• TASK DATA:
_ _ _ _ _ _ _
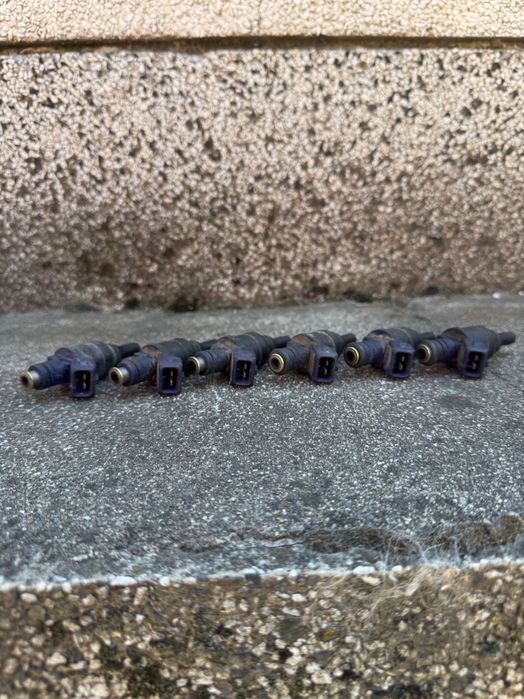 Инжектори от М54б30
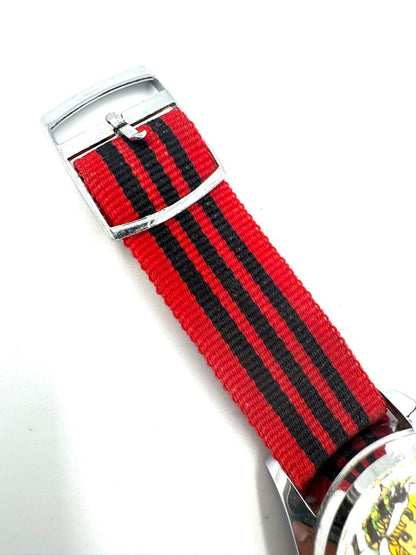 TOYWATCH Candy Candy Manual Winding Watch FOR PARTS
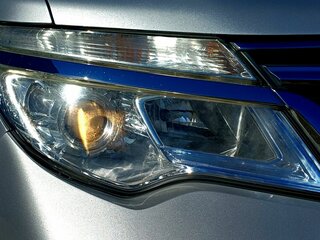 2015 Nissan Serena IV (C26), серый, 1530000 рублей, вид 4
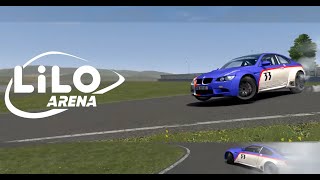 DOWNLOAD _ Lilo arena (Assetto Corsa)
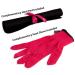 Sultra Titanium Ionic Clipless Curling Wand 1.5" - Buy Online on GoSupps.com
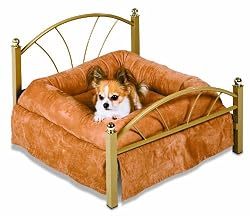 Petmate Nap of Luxury Pet Bed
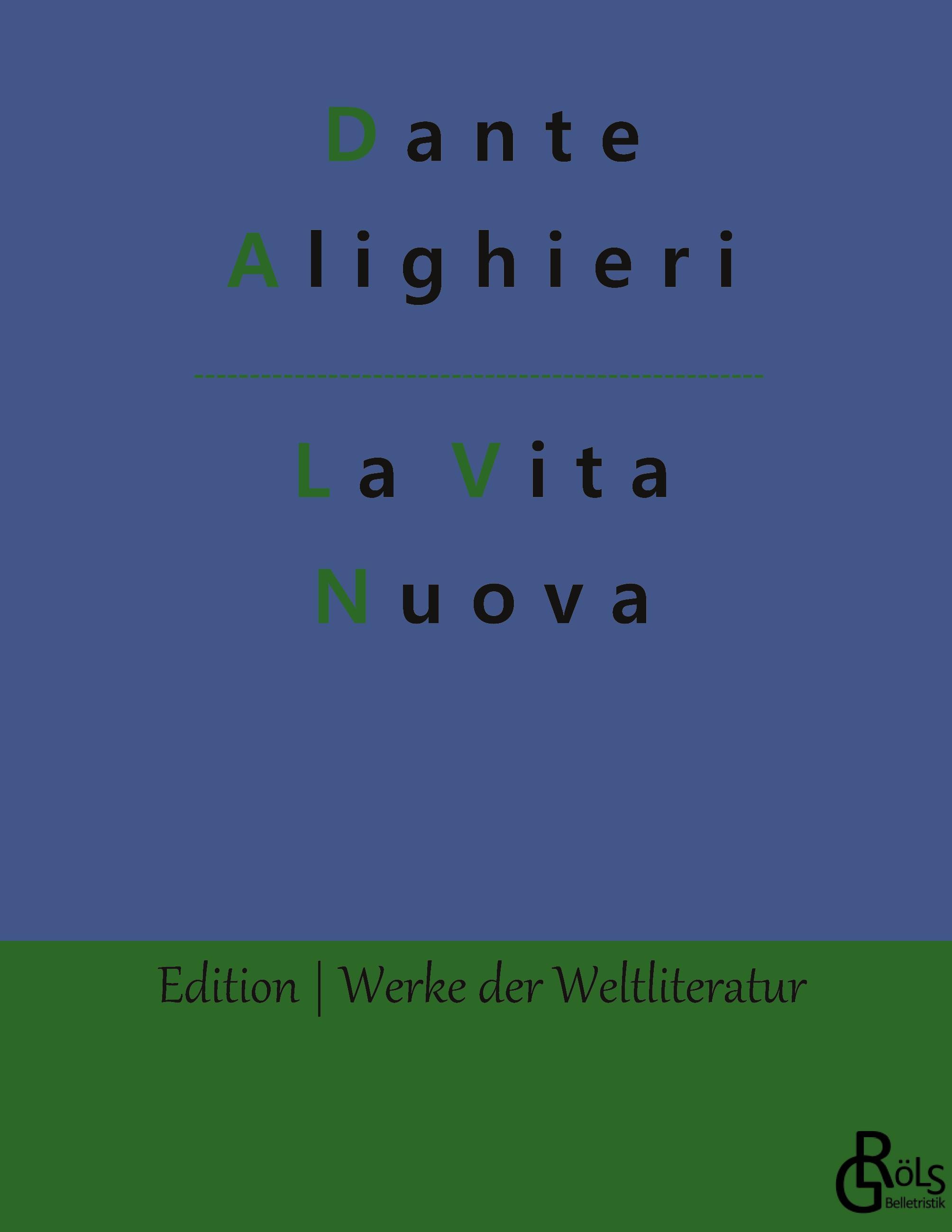 La Vita Nuova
_ _ _ _ _ _ _
• WHAT TO PRODUCE:
In the listing above, find the line containing "Sultra Titanium Ionic" and restate it and every later line verbatim, with the pictures left out.

• TASK RESPONSE:
 Sultra Titanium Ionic Clipless Curling Wand 1.5" - Buy Online on GoSupps.com
 Petmate Nap of Luxury Pet Bed
 La Vita Nuova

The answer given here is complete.